Darrell started working when he was 16. His first job was at a Stop ’n Shop grocery store bagging groceries, and eventually he was promoted to the dock, where he loaded half cows for the butcher department. After that he worked at the First National Bank in downtown Chicago, where he rolled coins – 150,000 a day. From there he worked at a law firm, Pope Ballard Sheppard and Fowle, as a messenger and later he was promoted to the mailroom supervisor. From there he worked at the National Association for Realtors in the mailroom and then was promoted to the accounting department, where he worked accounts receivable and accounts payable. He then was let go from this job and began drawing unemployment and moved in with his mom. A couple of years later, his mom simply locked him out of the house, and thus began his life on the streets. He said he just laid down somewhere, with cardboard on the sidewalk and a blanket.
When he was 53, he and a friend decided to try their luck in California. They boarded a Greyhound bus and took the three-day journey to Los Angeles. When he got to LA he went straight to the Union Rescue Mission. The mission gave him a jumpstart. However he doesn’t stay in them now: “You have to get up at 5 a.m. and be
out on the street. On the street you can sleep as long as you want.”

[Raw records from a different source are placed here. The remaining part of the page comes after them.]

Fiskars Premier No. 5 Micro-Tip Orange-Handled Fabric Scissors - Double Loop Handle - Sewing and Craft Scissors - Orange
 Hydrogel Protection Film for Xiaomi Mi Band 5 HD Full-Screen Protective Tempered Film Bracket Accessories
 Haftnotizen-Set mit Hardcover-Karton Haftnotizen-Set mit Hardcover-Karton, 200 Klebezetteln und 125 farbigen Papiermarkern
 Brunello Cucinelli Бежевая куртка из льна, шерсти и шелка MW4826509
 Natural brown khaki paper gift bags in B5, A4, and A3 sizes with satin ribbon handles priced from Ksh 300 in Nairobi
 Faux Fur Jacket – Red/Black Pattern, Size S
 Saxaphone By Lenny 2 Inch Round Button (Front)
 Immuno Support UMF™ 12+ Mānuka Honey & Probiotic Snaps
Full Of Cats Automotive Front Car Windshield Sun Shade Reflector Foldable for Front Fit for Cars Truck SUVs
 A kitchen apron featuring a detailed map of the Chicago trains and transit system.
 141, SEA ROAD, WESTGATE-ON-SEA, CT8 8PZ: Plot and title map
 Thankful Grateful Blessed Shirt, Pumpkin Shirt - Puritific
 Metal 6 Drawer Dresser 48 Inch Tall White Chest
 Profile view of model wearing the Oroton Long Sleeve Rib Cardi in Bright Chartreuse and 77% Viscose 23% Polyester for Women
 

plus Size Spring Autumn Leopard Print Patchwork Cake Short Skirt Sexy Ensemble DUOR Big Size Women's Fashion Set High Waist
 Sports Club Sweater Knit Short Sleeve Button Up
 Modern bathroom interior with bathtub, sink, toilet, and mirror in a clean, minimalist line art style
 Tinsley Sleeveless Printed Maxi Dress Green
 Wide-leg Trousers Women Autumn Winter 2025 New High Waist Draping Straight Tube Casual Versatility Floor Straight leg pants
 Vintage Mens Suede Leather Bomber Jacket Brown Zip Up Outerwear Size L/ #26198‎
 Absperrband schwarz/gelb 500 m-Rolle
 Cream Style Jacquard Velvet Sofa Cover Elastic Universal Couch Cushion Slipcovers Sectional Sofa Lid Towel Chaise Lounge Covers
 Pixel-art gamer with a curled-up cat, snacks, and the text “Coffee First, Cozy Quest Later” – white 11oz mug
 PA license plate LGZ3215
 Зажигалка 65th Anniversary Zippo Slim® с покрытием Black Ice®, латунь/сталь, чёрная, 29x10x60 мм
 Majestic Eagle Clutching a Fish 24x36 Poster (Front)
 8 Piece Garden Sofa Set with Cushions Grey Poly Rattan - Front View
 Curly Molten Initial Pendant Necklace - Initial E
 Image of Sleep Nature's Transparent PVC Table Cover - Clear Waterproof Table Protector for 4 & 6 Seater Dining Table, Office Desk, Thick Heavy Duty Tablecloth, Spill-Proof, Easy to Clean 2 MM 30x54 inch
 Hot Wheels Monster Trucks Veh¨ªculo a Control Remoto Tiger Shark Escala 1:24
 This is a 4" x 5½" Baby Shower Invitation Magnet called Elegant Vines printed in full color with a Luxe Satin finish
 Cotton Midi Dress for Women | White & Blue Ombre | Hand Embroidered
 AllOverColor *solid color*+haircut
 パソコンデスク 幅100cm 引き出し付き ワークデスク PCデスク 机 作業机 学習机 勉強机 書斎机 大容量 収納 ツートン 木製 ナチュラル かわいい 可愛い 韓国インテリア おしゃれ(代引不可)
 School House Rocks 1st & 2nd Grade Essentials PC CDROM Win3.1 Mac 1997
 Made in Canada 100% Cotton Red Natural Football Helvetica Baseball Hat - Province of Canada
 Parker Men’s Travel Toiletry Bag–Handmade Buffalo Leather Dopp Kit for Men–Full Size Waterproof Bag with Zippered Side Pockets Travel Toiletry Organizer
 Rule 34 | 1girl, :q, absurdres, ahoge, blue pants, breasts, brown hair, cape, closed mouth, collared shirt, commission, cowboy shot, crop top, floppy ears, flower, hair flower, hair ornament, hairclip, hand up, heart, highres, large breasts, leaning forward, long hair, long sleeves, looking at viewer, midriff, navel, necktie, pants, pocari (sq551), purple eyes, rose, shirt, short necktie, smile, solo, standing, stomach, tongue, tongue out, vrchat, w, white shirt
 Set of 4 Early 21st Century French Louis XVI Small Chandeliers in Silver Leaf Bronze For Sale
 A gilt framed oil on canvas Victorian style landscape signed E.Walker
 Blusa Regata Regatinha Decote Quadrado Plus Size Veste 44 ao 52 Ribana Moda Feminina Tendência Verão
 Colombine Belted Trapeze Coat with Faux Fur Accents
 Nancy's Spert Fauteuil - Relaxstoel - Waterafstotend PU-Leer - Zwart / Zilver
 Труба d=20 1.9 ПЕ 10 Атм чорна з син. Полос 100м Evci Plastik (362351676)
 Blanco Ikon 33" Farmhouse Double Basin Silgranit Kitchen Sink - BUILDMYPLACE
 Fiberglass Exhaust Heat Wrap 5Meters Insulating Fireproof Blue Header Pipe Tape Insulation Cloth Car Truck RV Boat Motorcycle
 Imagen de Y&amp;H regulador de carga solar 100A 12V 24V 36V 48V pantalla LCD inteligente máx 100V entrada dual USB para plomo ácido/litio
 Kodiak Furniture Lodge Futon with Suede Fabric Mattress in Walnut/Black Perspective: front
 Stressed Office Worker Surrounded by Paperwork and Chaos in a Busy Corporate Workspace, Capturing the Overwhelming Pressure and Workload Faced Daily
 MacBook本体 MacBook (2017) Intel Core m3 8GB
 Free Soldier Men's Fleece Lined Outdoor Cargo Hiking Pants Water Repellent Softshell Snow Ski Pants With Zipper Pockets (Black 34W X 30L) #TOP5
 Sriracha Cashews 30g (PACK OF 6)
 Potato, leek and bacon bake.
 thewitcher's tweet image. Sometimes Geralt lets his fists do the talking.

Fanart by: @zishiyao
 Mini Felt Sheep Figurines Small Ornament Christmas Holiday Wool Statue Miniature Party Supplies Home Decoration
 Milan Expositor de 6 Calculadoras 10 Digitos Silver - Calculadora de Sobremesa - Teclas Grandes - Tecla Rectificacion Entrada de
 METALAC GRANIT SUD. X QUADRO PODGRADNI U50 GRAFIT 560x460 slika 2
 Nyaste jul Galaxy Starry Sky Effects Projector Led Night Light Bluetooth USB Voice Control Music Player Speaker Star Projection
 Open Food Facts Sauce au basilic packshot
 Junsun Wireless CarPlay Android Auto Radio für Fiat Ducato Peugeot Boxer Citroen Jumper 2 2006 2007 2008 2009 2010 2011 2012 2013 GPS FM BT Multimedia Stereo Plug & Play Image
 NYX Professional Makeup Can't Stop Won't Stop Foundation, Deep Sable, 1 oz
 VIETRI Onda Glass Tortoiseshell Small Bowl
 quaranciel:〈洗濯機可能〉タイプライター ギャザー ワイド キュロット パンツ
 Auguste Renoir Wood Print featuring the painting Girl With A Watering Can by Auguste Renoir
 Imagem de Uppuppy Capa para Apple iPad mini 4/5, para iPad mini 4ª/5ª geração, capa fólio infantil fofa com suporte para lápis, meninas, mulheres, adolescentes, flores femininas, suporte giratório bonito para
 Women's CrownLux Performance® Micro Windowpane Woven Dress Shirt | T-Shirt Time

He said people give him things when he’s sleeping. He woke up one day and had $5 stuck in his hand. He’ll wake up to food left for him. He said he’s very fortunate. He keeps to himself and stays away from the homeless who are into drugs. “You can’t starve when you’re in downtown Los Angeles,” he says, where there is plenty of food.
He said he was never really into hard drugs but he was a little bit of a follower – when his friends drank or smoked marijuana he would, too, but he came to find out he really didn’t need those things. He likes beer but doesn’t drink to excess; and when he can he’ll treat himself to some Crown Royal.
• Favorite candy: Turtles (pecans, caramel and chocolate). “The delicacy of candy.”
• Favorite actors: Clint Eastwood and Al Pacino
• Favorite movie: The Good, the Bad and the Ugly
• Medication: an inhaler for asthma
Make a wish: “Curtis Mayfield made a record, ‘If I Were Only a Child Again’, which is what I wish for: to start all over as a child. He said that, that way, his life wouldn’t be the same, it would be different. He would make a few alterations. He would also wish to make the world a better place by allowing everyone to be somewhat comfortable. There would be no homelessness and everyone would have their medical needs met.”
What would you have done differently? “I would have gone to college and would have been a counselor, adviser or a chemist.” He said he had a chemistry set when he was 13 and he really enjoyed doing that, but he never followed up with it. He also played the acoustic guitar. He had some friends who played. too.
Worst thing about living on the street: The routine of it and being constantly in the outdoors enduring whatever the weather brings. He won’t buy a tent because he feels it will make him complacent and then will subconsciously accept living on the streets.
Favorite childhood memory: Christmas time. “We weren’t a poor family, so we had everything we pretty much needed.”
Advice for parents with teenage children. “Watch your child closely, pay attention.” Daryl said he wouldn’t wait until they were 10, he would start counseling them at 8 years old, and if you “haven’t got grips on them by 13 then you can forget it. See what their interests are and encourage them to continue. Listen to how they talk, their movements. That’s as basic as you can get.
“If your parents don’t teach you, the streets will”.
The Club gave Darrell water and $40 for food.